** Opening Material for the task block **
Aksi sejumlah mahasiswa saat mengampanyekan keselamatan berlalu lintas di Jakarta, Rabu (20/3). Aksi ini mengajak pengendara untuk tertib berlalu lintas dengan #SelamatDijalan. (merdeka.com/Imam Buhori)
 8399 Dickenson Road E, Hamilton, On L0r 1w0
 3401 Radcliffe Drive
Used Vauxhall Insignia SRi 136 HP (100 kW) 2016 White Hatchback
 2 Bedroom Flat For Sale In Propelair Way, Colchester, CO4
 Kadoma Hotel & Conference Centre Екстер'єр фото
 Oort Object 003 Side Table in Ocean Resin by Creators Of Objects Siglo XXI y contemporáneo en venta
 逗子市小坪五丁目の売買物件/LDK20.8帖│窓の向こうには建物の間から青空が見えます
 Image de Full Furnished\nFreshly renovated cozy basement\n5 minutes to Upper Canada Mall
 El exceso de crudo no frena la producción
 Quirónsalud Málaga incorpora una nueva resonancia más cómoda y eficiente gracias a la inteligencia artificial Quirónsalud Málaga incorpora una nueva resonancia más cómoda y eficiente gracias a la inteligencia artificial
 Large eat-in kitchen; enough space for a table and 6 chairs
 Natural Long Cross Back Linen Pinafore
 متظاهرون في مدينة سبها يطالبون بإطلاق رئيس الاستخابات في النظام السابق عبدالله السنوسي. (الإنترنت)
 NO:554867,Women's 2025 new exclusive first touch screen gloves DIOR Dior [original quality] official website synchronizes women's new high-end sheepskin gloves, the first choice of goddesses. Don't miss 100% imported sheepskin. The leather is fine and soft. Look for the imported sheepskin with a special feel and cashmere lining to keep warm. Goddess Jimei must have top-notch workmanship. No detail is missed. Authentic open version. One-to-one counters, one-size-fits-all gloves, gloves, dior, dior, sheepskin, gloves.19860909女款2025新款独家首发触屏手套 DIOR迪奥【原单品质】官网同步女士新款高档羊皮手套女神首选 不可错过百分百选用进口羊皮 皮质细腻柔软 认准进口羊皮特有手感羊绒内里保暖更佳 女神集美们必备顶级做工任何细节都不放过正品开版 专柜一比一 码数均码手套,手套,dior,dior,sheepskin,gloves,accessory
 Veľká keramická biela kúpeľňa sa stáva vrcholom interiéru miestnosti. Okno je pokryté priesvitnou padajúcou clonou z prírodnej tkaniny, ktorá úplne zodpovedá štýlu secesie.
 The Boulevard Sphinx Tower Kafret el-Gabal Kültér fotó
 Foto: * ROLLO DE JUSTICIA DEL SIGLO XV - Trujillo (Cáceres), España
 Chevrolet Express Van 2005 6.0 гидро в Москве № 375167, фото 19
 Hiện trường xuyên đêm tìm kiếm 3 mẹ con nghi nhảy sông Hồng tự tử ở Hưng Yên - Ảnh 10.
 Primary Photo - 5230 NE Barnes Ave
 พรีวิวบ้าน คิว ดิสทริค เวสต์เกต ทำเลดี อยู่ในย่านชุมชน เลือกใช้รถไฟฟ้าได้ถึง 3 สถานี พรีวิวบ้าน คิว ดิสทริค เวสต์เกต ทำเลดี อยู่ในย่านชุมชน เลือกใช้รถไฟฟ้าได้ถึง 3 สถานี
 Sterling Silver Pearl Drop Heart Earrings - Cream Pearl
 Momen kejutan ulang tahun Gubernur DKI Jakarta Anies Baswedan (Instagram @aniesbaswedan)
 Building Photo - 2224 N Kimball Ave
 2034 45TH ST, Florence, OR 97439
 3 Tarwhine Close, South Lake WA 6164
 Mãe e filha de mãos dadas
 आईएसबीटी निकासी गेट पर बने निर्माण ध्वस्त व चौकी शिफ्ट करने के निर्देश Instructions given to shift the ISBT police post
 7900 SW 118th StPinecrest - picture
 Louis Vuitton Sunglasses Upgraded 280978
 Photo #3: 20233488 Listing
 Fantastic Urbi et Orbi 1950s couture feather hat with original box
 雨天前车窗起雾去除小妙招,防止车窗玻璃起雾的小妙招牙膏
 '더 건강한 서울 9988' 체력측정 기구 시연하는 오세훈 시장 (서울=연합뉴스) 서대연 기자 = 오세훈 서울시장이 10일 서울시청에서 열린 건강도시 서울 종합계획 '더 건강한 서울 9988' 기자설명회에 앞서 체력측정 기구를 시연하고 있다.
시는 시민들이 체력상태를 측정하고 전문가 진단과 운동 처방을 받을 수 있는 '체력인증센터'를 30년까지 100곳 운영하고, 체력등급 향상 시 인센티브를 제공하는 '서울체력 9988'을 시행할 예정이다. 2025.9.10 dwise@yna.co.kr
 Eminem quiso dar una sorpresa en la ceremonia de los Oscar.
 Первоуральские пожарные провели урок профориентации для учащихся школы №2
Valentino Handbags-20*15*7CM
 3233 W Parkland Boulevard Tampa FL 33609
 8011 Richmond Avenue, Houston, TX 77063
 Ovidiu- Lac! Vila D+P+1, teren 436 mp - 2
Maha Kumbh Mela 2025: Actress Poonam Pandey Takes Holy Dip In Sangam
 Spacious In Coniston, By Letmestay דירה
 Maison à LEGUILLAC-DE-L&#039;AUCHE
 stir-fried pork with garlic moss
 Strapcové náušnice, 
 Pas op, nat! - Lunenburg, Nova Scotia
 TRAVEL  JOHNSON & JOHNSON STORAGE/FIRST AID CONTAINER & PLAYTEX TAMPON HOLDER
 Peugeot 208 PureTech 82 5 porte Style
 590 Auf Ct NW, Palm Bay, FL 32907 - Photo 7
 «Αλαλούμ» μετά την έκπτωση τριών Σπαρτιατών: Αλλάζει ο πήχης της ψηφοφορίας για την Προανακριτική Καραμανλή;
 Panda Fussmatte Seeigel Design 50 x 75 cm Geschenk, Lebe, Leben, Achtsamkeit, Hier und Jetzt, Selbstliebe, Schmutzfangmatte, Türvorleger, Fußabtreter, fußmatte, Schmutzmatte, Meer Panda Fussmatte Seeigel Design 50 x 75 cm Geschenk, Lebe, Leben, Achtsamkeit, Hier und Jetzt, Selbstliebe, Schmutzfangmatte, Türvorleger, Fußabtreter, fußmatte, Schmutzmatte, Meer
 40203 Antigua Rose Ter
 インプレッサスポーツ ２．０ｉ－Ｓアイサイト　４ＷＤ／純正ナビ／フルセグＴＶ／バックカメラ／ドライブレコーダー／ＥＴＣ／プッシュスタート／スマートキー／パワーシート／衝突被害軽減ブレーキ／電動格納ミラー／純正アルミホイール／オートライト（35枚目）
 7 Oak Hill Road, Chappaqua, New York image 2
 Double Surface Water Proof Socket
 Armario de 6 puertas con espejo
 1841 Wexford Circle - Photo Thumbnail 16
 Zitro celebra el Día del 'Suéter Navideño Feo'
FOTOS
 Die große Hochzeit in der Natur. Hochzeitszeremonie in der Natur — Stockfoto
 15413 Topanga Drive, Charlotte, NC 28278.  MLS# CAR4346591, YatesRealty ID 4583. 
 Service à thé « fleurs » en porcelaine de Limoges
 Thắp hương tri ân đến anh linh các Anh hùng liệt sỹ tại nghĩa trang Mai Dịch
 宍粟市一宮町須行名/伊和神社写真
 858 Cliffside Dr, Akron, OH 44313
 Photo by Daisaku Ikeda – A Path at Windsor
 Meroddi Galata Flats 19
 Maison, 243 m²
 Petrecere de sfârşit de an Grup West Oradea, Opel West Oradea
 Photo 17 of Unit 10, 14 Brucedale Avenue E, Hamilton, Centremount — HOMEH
** Closing Material for the task block **
• **Assignment**:
Start at the line containing "Peugeot 208 PureTech 82 5 porte Style". Repeat it and each line after it, word for word, to the end of the records.

• **Exercise response**:
 Peugeot 208 PureTech 82 5 porte Style
 590 Auf Ct NW, Palm Bay, FL 32907 - Photo 7
 «Αλαλούμ» μετά την έκπτωση τριών Σπαρτιατών: Αλλάζει ο πήχης της ψηφοφορίας για την Προανακριτική Καραμανλή;
 Panda Fussmatte Seeigel Design 50 x 75 cm Geschenk, Lebe, Leben, Achtsamkeit, Hier und Jetzt, Selbstliebe, Schmutzfangmatte, Türvorleger, Fußabtreter, fußmatte, Schmutzmatte, Meer Panda Fussmatte Seeigel Design 50 x 75 cm Geschenk, Lebe, Leben, Achtsamkeit, Hier und Jetzt, Selbstliebe, Schmutzfangmatte, Türvorleger, Fußabtreter, fußmatte, Schmutzmatte, Meer
 40203 Antigua Rose Ter
 インプレッサスポーツ ２．０ｉ－Ｓアイサイト　４ＷＤ／純正ナビ／フルセグＴＶ／バックカメラ／ドライブレコーダー／ＥＴＣ／プッシュスタート／スマートキー／パワーシート／衝突被害軽減ブレーキ／電動格納ミラー／純正アルミホイール／オートライト（35枚目）
 7 Oak Hill Road, Chappaqua, New York image 2
 Double Surface Water Proof Socket
 Armario de 6 puertas con espejo
 1841 Wexford Circle - Photo Thumbnail 16
 Zitro celebra el Día del 'Suéter Navideño Feo'
FOTOS
 Die große Hochzeit in der Natur. Hochzeitszeremonie in der Natur — Stockfoto
 15413 Topanga Drive, Charlotte, NC 28278.  MLS# CAR4346591, YatesRealty ID 4583. 
 Service à thé « fleurs » en porcelaine de Limoges
 Thắp hương tri ân đến anh linh các Anh hùng liệt sỹ tại nghĩa trang Mai Dịch
 宍粟市一宮町須行名/伊和神社写真
 858 Cliffside Dr, Akron, OH 44313
 Photo by Daisaku Ikeda – A Path at Windsor
 Meroddi Galata Flats 19
 Maison, 243 m²
 Petrecere de sfârşit de an Grup West Oradea, Opel West Oradea
 Photo 17 of Unit 10, 14 Brucedale Avenue E, Hamilton, Centremount — HOMEH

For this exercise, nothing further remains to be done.